Em reunião na Assembleia, pescadores relataram temor com mais restrições à pesca e pediram mais audiência públicas

Uma unidade de conservação de uso sustentável, que se propõe a compatibilizar os diversos usos do território em favor da proteção dos seus atributos naturais pode perder a capacidade de atingir sua finalidade se o processo de criação atropelar a consulta direta e honesta a todos os atores sociais afetados por ela.

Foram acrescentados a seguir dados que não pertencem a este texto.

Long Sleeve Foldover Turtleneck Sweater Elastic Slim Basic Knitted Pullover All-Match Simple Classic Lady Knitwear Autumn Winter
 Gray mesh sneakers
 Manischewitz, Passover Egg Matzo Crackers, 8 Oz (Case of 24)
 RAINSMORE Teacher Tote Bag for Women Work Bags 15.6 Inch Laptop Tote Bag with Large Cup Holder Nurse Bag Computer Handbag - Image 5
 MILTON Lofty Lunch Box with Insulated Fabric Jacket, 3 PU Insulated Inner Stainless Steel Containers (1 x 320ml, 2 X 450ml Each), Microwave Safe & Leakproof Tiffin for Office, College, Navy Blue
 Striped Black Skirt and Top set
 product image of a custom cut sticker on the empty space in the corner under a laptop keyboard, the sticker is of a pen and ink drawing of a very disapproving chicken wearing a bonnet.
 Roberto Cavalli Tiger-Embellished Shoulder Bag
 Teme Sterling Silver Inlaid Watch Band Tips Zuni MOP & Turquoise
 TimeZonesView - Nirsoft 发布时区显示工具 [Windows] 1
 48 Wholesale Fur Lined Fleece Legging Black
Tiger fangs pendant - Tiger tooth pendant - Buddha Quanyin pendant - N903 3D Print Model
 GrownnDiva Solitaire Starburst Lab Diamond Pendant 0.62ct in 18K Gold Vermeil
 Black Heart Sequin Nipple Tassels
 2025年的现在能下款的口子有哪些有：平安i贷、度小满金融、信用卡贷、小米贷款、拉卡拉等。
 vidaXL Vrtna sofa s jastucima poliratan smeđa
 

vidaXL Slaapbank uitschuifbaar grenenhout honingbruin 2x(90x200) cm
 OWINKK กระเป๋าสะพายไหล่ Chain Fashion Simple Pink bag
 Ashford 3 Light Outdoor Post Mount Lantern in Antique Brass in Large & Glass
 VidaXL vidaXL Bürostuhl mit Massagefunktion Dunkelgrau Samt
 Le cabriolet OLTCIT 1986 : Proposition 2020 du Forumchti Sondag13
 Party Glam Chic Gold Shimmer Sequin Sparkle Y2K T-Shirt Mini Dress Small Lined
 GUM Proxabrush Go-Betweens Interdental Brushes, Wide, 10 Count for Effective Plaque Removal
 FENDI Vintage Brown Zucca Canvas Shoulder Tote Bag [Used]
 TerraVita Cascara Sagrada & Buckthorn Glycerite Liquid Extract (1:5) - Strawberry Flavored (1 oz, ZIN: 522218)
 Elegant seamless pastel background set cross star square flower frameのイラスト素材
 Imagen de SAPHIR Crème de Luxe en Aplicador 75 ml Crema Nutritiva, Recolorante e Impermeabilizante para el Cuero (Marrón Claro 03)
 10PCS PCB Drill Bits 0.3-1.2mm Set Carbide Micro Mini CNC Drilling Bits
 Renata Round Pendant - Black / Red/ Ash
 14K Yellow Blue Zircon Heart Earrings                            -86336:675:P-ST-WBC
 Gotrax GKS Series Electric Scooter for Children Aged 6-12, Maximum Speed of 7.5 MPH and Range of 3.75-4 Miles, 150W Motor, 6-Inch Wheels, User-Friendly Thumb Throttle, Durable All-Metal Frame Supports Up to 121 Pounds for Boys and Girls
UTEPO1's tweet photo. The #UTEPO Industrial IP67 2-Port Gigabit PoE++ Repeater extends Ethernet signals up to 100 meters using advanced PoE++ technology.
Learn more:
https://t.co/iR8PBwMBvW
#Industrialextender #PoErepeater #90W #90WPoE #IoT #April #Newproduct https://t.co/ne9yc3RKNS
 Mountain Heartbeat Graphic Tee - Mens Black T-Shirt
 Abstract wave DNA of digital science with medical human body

Partindo desse princípio – que contrapõe a popular máxima maquiavélica de que “os fins justificam os meios”, com a qual o filosófico Nicolau Maquiavel procurou justificar as atrocidades cometidas pelos monarcas da Europa do Século XV para se manterem no poder -, é possível perceber um “ponto fora da curva” no histórico de criações de unidades de conservação no Espírito Santo e no Brasil, ao observar o diálogo que transcorre neste ano de 2023 em relação à proposta de uma Área de Proteção Ambiental (APA) na Foz do Rio Doce.

Em reunião realizada nesta sexta-feira (30) na Assembleia Legislativa, o compromisso com a criação participativa da unidade foi enfatizado mais de uma vez pelo representante do Instituto Chico Mendes de Conservação da Biodiversidade (ICMBio), órgão responsável pela gestão da futura UC.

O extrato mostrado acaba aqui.